_Problem to work on_
There is a line containing "Blue Circle #1 Side Table Gallery Image 1" in the records below. Repeat it and every line after it, exactly, through the final line, but no pictures.

(Stored data)

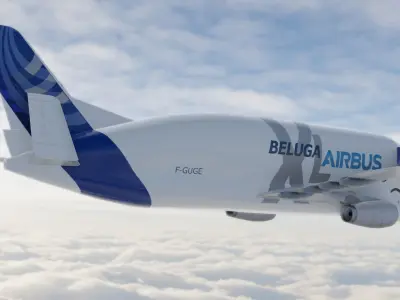 Airbus Beluga XL Low-poly 3D model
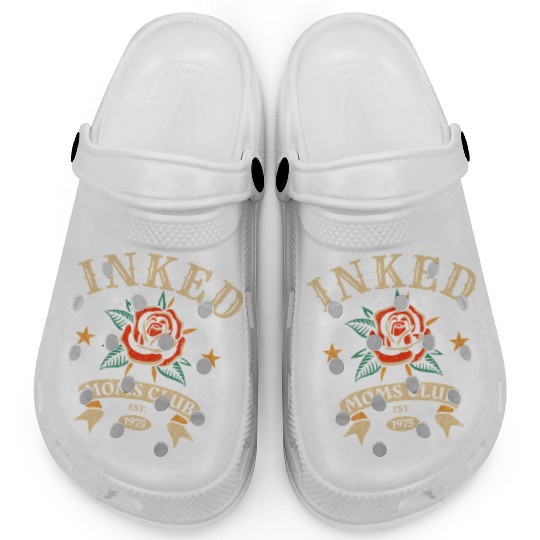 Inked Moms Club – Tattoo Rose Emblem Clogs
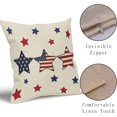 thumbnail image 3 of Housses de Coussin Patriotiques du 4 Juillet 20x20 Pouces Ensemble de 2 Memorial Day Drapeau des États-Unis Bleu Rouge Étoiles et Rayures Taies Décoratives d'Oreiller Housse de Coussin Carrée en Lin pour l'Extérieur Déco de Ferme pour Sofa Canapé Lit, 3 of 6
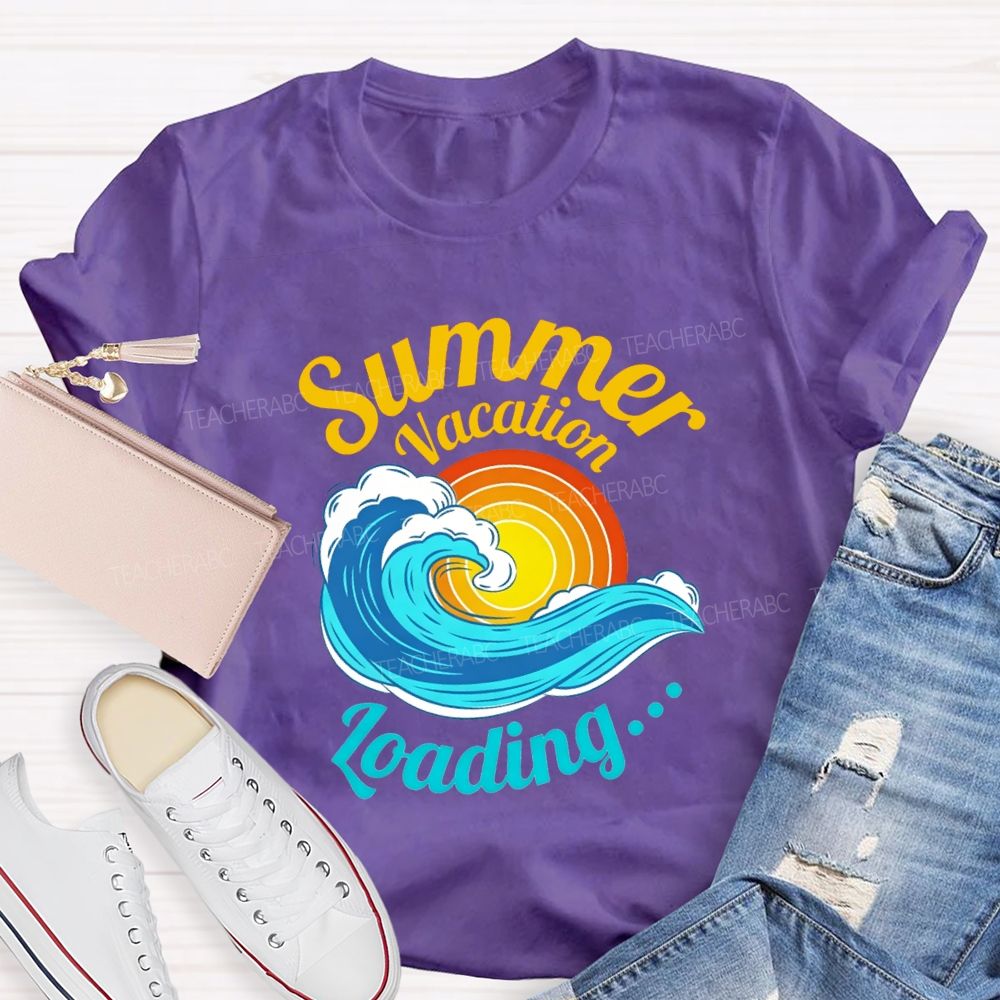 Summer Vacation Loading Teacher T-shirt
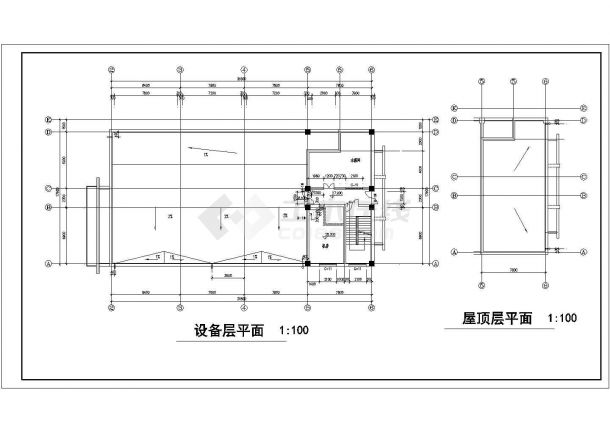 某地区宾馆商住楼建筑设计CAD图-图一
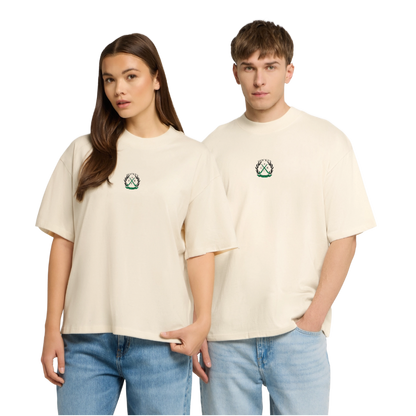 Like Hard Hits Field Hockey Oversized T-Shirt - Natur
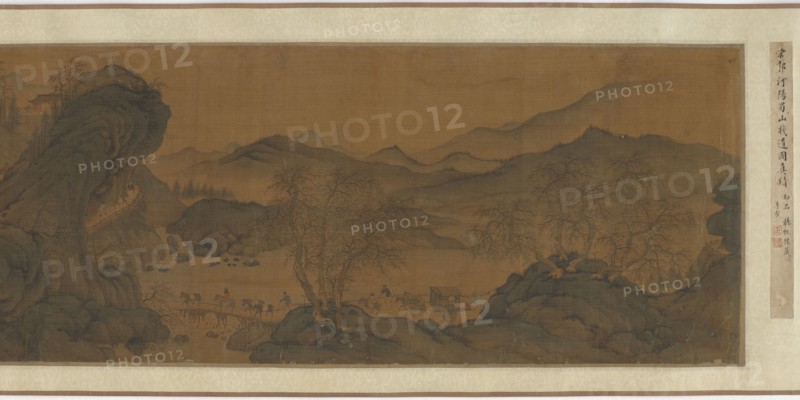 Trestle Roads in the Mountains of Shu, 17th-18th century. Formerly attributed to Guo Xi.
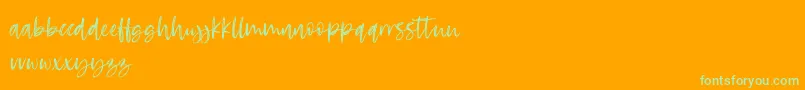 RosettaColor Font – Green Fonts on Orange Background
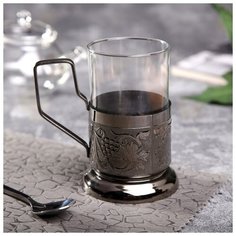 Подстаканник медный в наборе со стаканом 2586905 Сима ленд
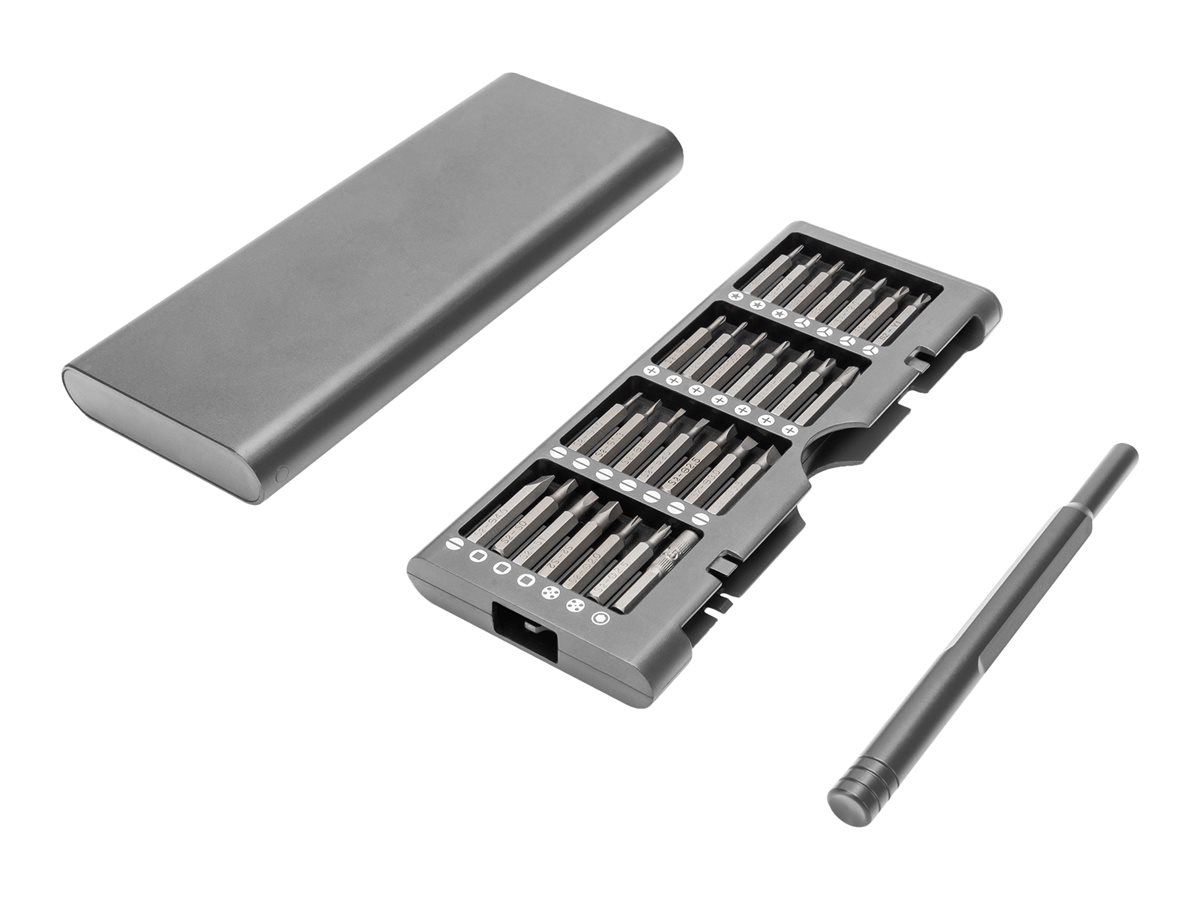 DIGITUS Feinmechaniker Schraubendreher Set, 57-teilig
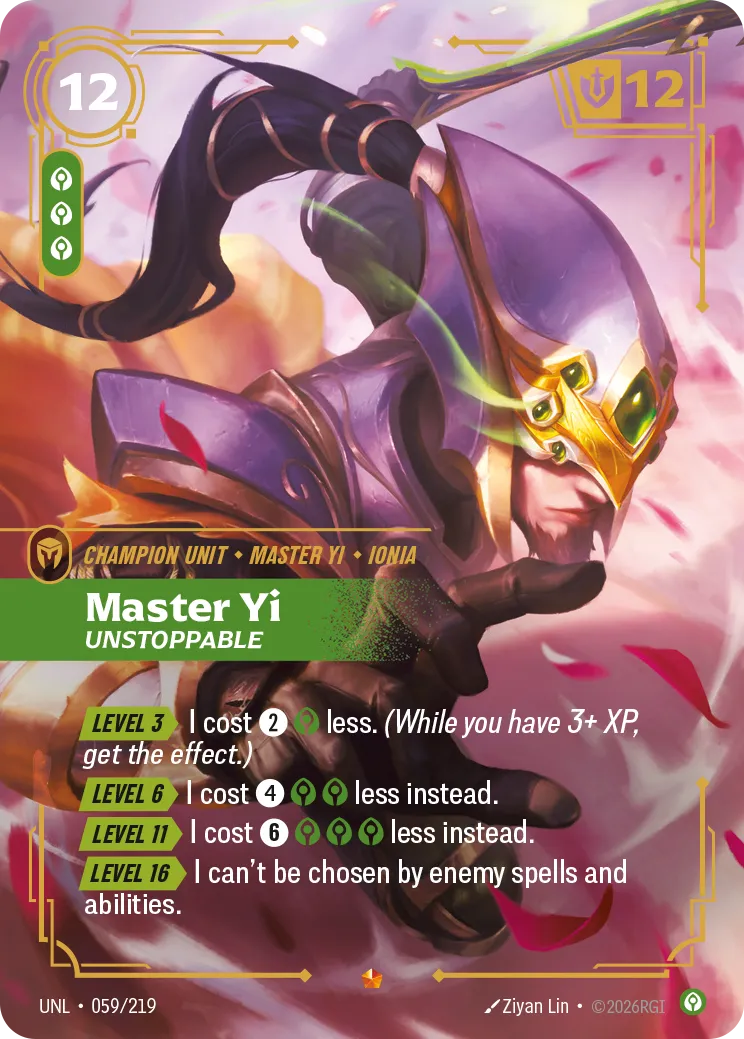 Riftbound — Master Yi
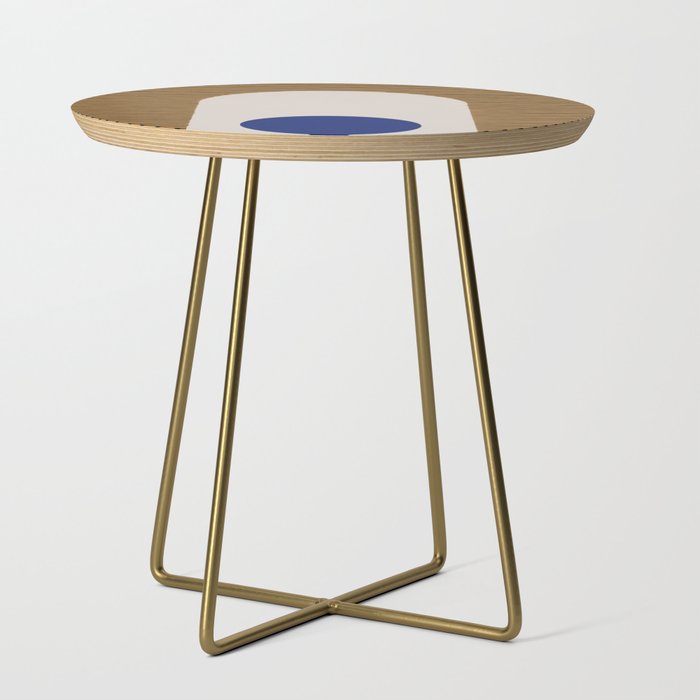 Blue Circle #1 Side Table Gallery Image 1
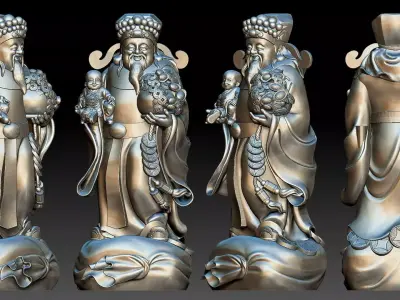 god of Wealth  3D print model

(End Stored data)

_Solved exercise_
 Blue Circle #1 Side Table Gallery Image 1
 god of Wealth  3D print model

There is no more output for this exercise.